Tomorrow it will be one week since I bought one of these: Pentax Lens Review Database - 100mm F4 Macro

I bought it at B&H. They had it listed in used category #9 - "shows signs of use, but very clean."

Very clean? This lens could have been listed as like new or demo! Not a scratch anywhere!

I tested it, and it works perfectly both optically and mechanically.

$229.00 before tax.

I too couldn't decide which macro lens to buy, then I thought of getting a used lens since two of my favorite Canon lenses were used, and they both delivered. A Canon 50mm f1.2 and a Canon 100mm f4.0 macro.
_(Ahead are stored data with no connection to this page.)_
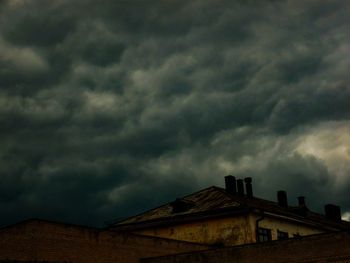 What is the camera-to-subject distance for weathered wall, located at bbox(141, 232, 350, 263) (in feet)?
76.7

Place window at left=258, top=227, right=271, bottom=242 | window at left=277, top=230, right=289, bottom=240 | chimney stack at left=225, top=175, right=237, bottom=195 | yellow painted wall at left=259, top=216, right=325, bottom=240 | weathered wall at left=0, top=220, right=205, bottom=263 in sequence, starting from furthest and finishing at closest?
chimney stack at left=225, top=175, right=237, bottom=195, window at left=277, top=230, right=289, bottom=240, yellow painted wall at left=259, top=216, right=325, bottom=240, window at left=258, top=227, right=271, bottom=242, weathered wall at left=0, top=220, right=205, bottom=263

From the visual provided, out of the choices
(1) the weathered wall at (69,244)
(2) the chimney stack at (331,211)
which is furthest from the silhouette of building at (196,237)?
(2) the chimney stack at (331,211)

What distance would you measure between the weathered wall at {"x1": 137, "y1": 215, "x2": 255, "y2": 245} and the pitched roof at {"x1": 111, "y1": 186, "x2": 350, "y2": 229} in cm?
46

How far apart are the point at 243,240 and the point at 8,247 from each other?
14.7m

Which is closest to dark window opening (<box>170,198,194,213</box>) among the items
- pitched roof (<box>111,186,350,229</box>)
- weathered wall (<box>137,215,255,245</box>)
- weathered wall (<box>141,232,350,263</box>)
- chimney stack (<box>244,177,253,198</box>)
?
pitched roof (<box>111,186,350,229</box>)

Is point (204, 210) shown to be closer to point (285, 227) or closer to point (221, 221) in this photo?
point (221, 221)

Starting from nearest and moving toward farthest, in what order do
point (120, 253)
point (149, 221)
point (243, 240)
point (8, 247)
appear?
1. point (8, 247)
2. point (120, 253)
3. point (243, 240)
4. point (149, 221)

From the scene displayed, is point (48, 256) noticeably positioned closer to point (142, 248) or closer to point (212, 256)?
point (142, 248)

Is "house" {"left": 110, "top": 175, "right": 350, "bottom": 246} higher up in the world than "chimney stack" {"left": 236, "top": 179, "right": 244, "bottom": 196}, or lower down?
lower down

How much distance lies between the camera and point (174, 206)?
120 ft

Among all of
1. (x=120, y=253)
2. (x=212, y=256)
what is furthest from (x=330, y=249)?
(x=120, y=253)

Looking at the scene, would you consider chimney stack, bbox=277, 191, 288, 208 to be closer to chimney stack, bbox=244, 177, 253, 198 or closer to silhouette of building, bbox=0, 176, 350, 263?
silhouette of building, bbox=0, 176, 350, 263

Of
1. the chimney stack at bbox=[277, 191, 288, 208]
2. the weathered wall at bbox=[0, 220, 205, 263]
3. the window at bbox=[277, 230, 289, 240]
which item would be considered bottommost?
the weathered wall at bbox=[0, 220, 205, 263]

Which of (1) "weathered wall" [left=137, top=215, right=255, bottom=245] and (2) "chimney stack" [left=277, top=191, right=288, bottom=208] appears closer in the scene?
(1) "weathered wall" [left=137, top=215, right=255, bottom=245] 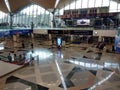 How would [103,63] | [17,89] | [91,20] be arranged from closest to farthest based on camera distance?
[17,89], [103,63], [91,20]

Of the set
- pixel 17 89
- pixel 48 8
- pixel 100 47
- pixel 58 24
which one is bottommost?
pixel 17 89

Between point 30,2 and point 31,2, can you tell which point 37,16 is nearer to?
point 31,2

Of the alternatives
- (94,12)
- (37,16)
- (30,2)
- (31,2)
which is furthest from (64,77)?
(30,2)

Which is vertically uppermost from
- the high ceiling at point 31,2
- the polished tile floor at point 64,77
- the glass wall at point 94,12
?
the high ceiling at point 31,2

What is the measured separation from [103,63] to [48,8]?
96.9 feet

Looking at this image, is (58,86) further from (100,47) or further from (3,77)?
(100,47)

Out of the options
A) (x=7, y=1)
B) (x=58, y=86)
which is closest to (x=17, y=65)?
(x=58, y=86)

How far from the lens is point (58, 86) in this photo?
1152 centimetres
I should have some worthy test shots to post at the weekend.

Right now, there's a Pentax 100mm A macro at Adorama: Pentax-"a" 100 4.0 Macro Lns W/cs *49
and, the Pentax 50mm M macro is still at B&H: Used Pentax | Macro 50mm f/4 SMCP-M Manual Focus Lens for I held this lens in my hands, and it felt and looked as good as the 100mm, though the focusing ring is narrower than the one pictured.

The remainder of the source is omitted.